**Data records**
*** Begin section ***
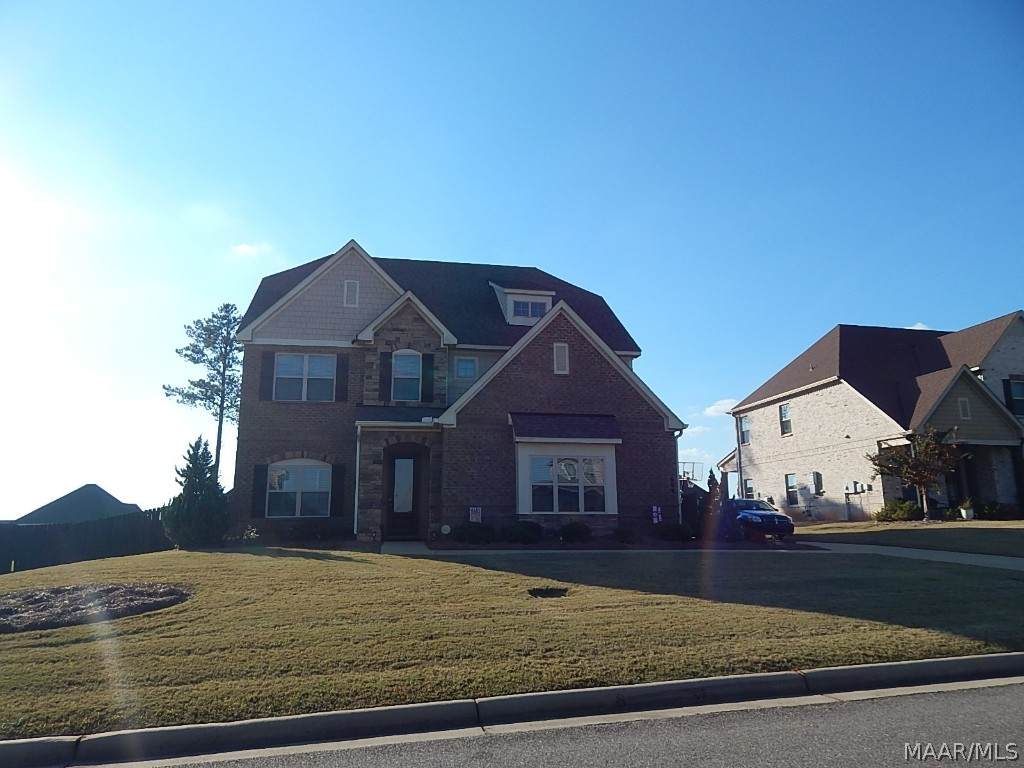 604 Madison Drive - Photo 1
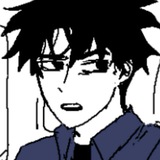 Telegram profile photo for мёртвый матэо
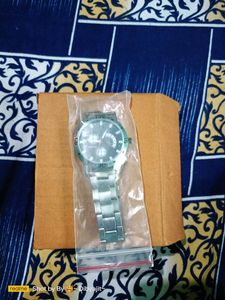 New Watch Never Used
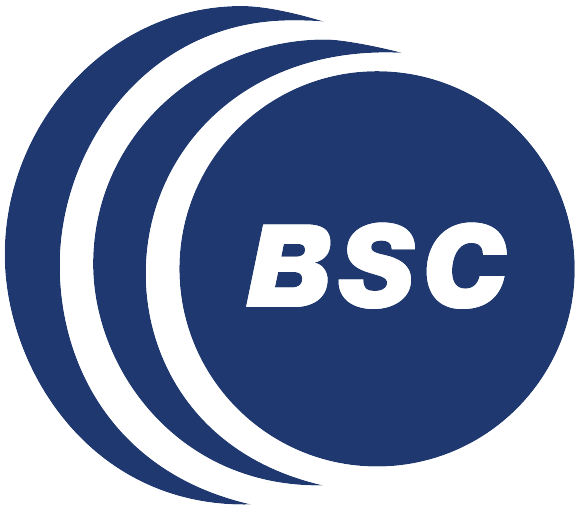 Barcelona Supercomputing Centre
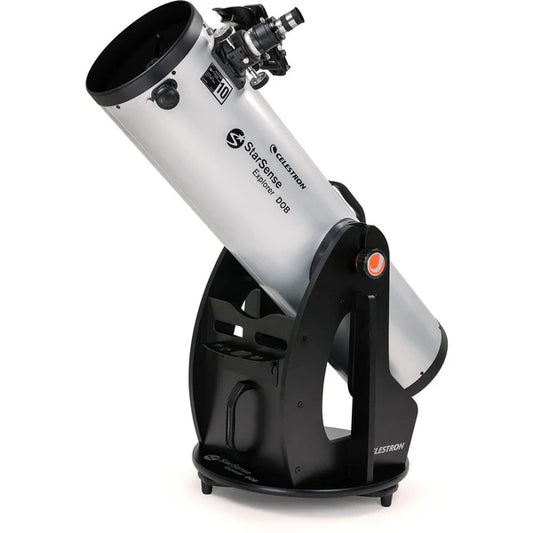 StarSense Explorer 10" Dobsonian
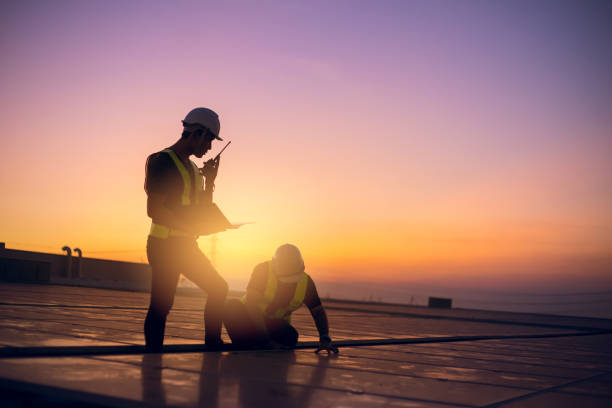 Best Local Roofing Companies  in Breezy Point, MN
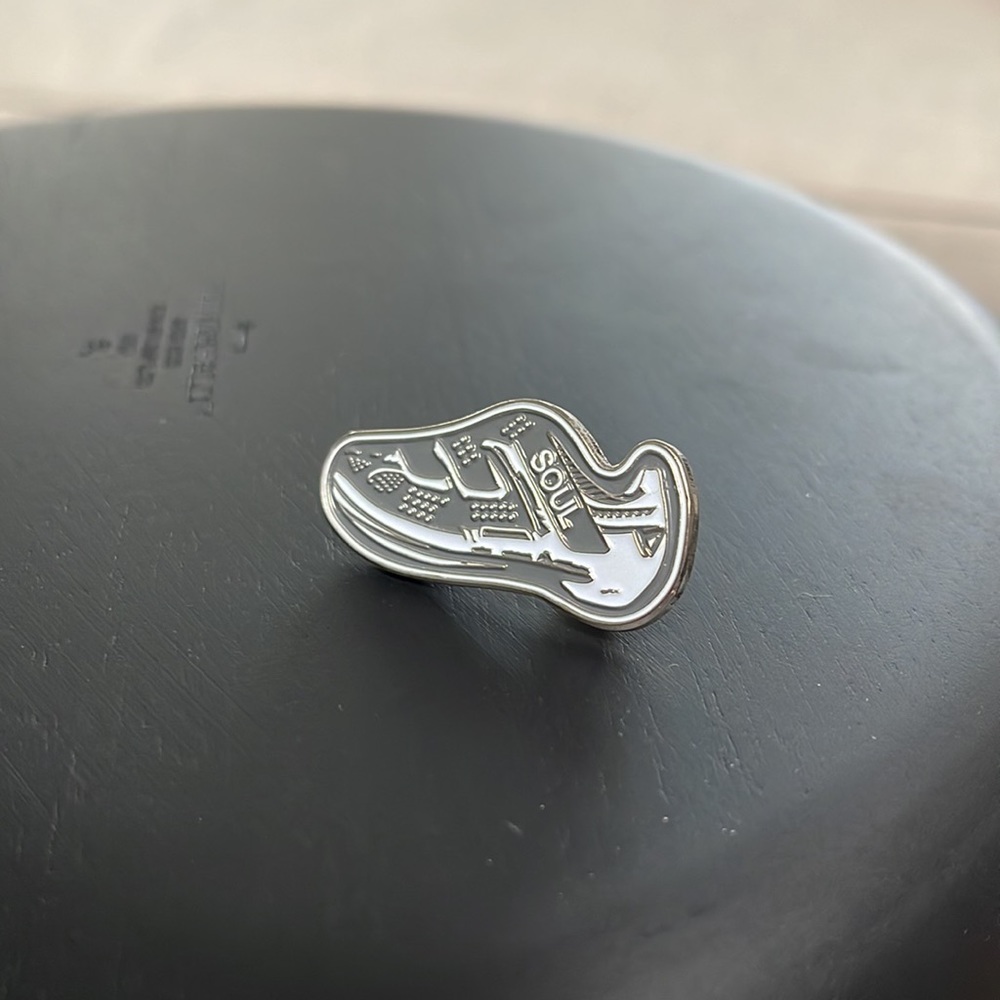 SoulCycle Pin - Picture 3 of 3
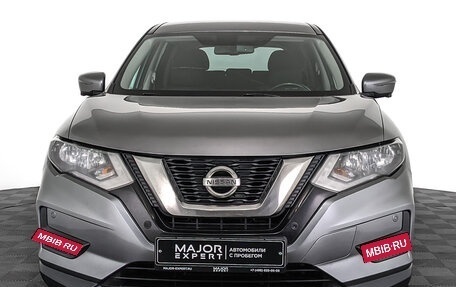 Nissan X-Trail, 2018 год, 1 690 000 рублей, 2 фотография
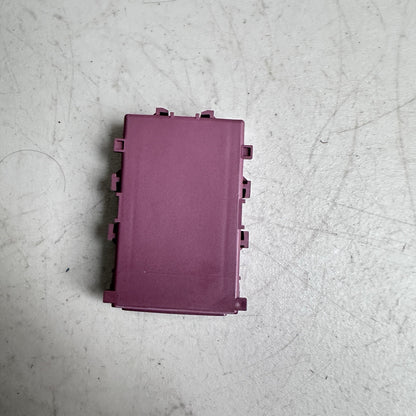 2020-2023 Toyota Corolla Network Gateway Module 89111-0R020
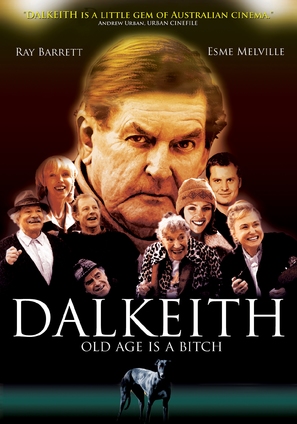 Dalkeith - Australian Movie Poster (thumbnail)
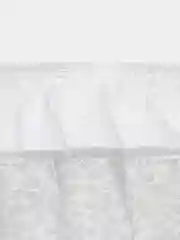 Белый органайзер для хранения вещей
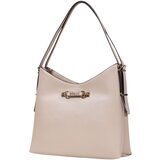 Guess LEFIA LARGE HOBO HWBG96 44020 Bež | shoptok.hr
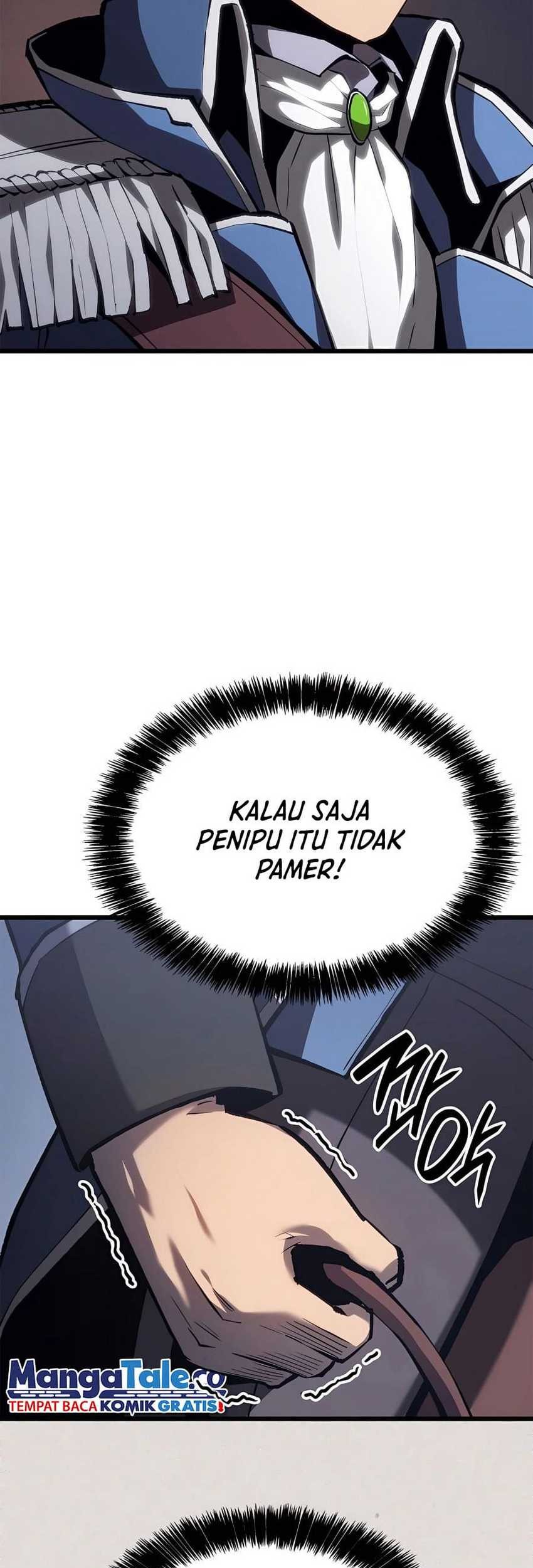 The Count’s Youngest Son Is A Player! Chapter 41 - halaman 56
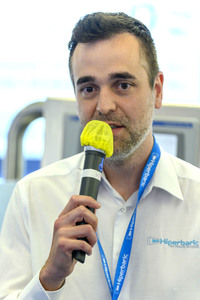 Anuga FoodTec 2022 in Köln
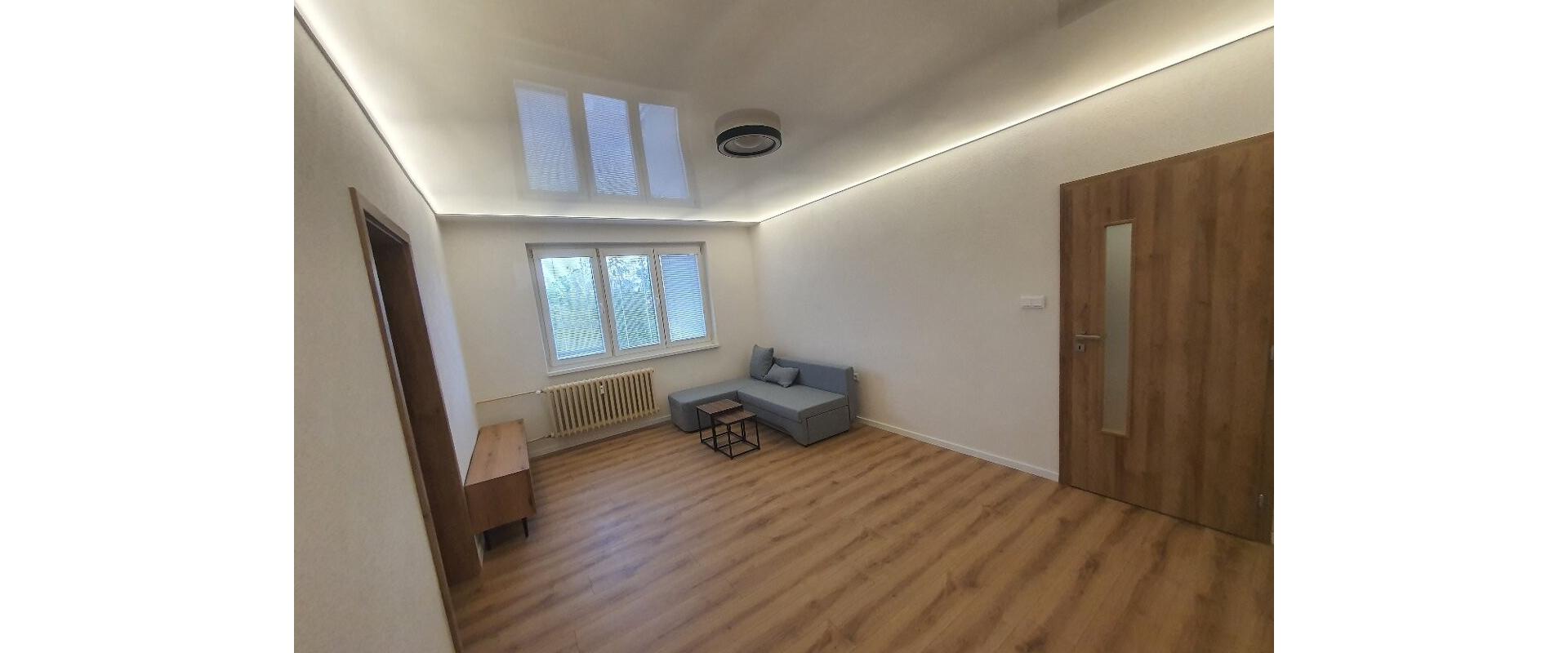 Moderný 2-izbový byt vo Zvolene blízko centra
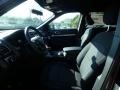 2018 Burgundy Velvet Ford Explorer XLT 4WD  photo #11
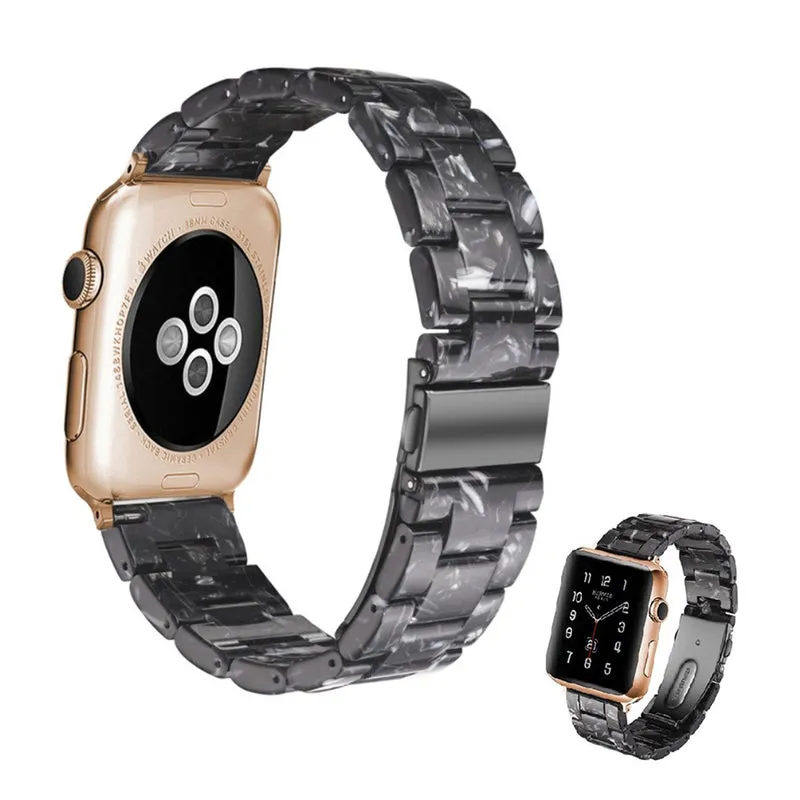 Cool Apple Watch Series 5 44mm / Apple Watch 44mm armband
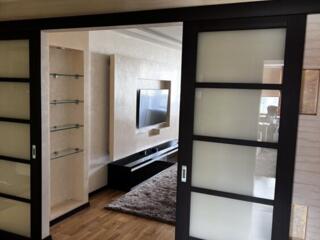 Продам 4-ком. квартиру на Тополевой, район Таирова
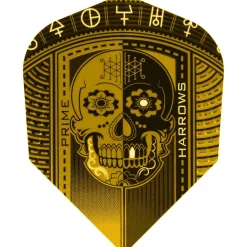 Harrows Voodoo Steeltip Dartpijlen (25 Gram)^ Darten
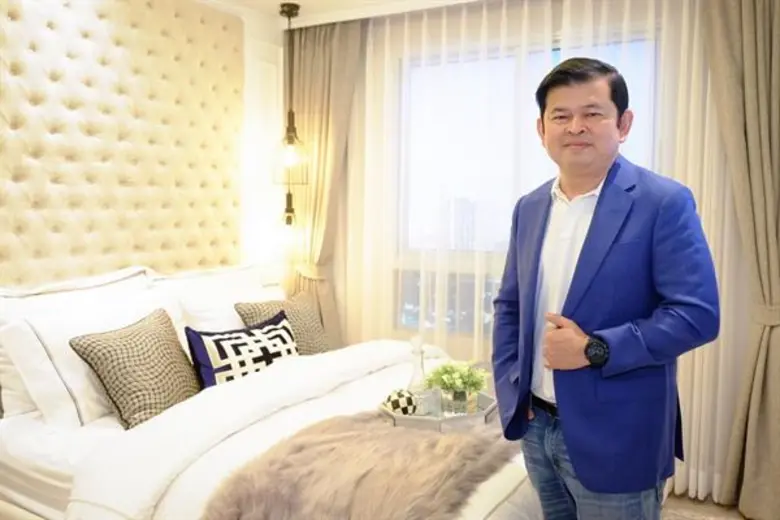พฤกษา ผู้นำอันดับหนึ่งในวงการอสังหาฯ ยังค...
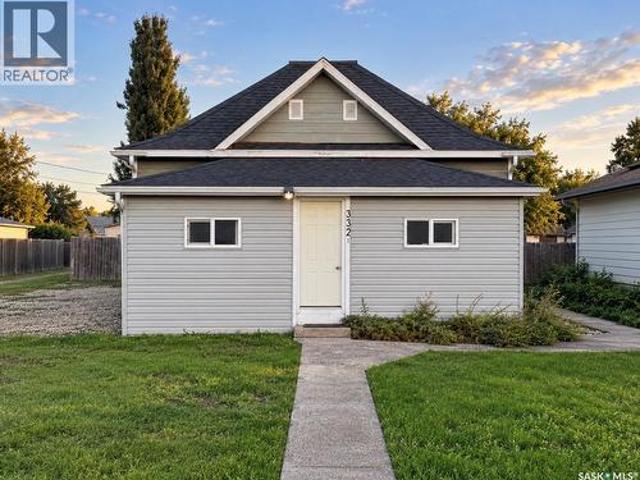 332 7Th Street, Humboldt, SK, S0K 2A0 house for sale | Listing ID SK048660 | Royal LePage
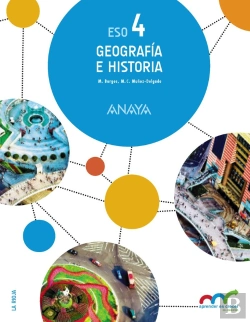 Bertrand.pt - Geografía E Historia 4.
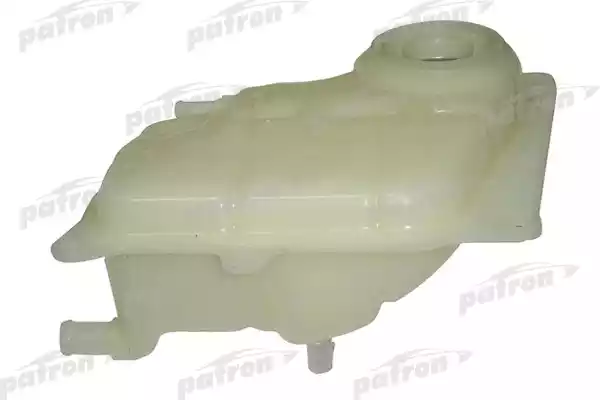 Бачок расширительный системы охлаждения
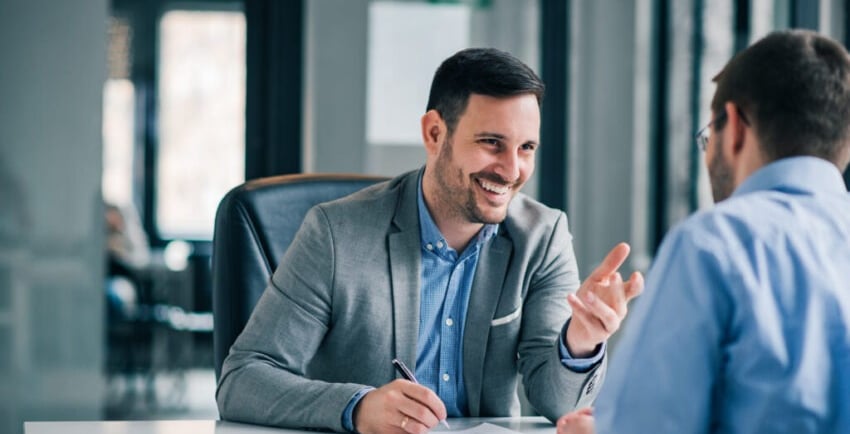 Choosing the right consulting firm with engagement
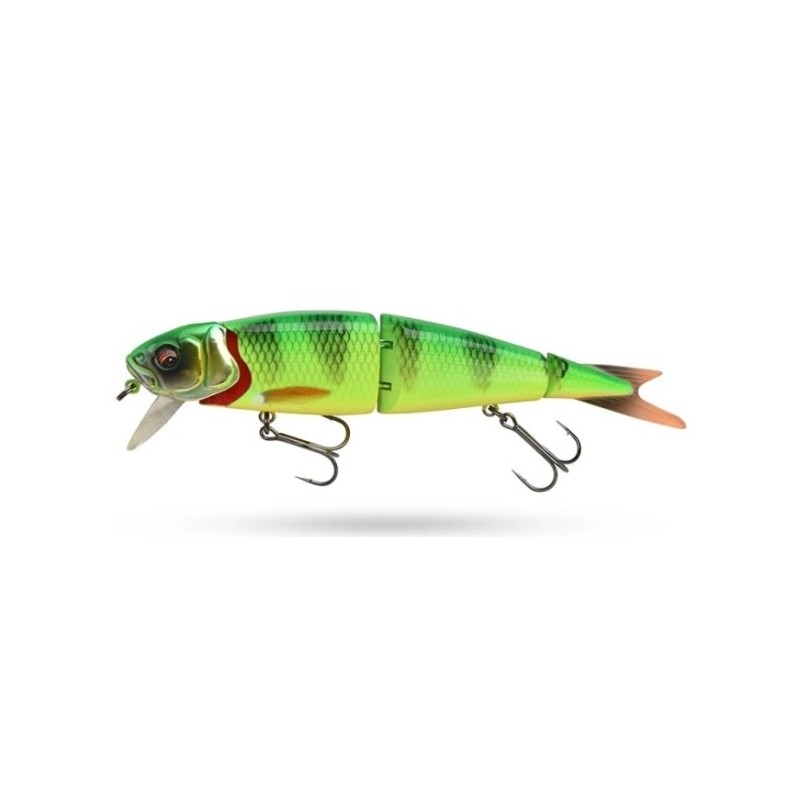 Wobler Savage Gear 4PLAY CL LIPLURE 19cm - FIRETIGER Wobler Savage Gear 4PLAY CL LIPLURE 19cm - FIRETIGER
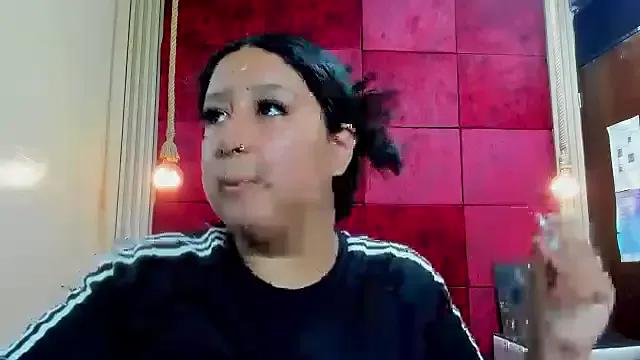 DulcineaSaenz — Make Me Big Squirt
*** End section ***
**Work required**
Please reproduce exactly and only the lines from the first line of the records through the line containing "Guess LEFIA LARGE", both included, omitting any pictures.

**Task answer**
 604 Madison Drive - Photo 1
 Telegram profile photo for мёртвый матэо
 New Watch Never Used
 Barcelona Supercomputing Centre
 StarSense Explorer 10" Dobsonian
 Best Local Roofing Companies  in Breezy Point, MN
 SoulCycle Pin - Picture 3 of 3
 Nissan X-Trail, 2018 год, 1 690 000 рублей, 2 фотография
 2020-2023 Toyota Corolla Network Gateway Module 89111-0R020
 Dalkeith - Australian Movie Poster (thumbnail)
 Белый органайзер для хранения вещей
 Guess LEFIA LARGE HOBO HWBG96 44020 Bež | shoptok.hr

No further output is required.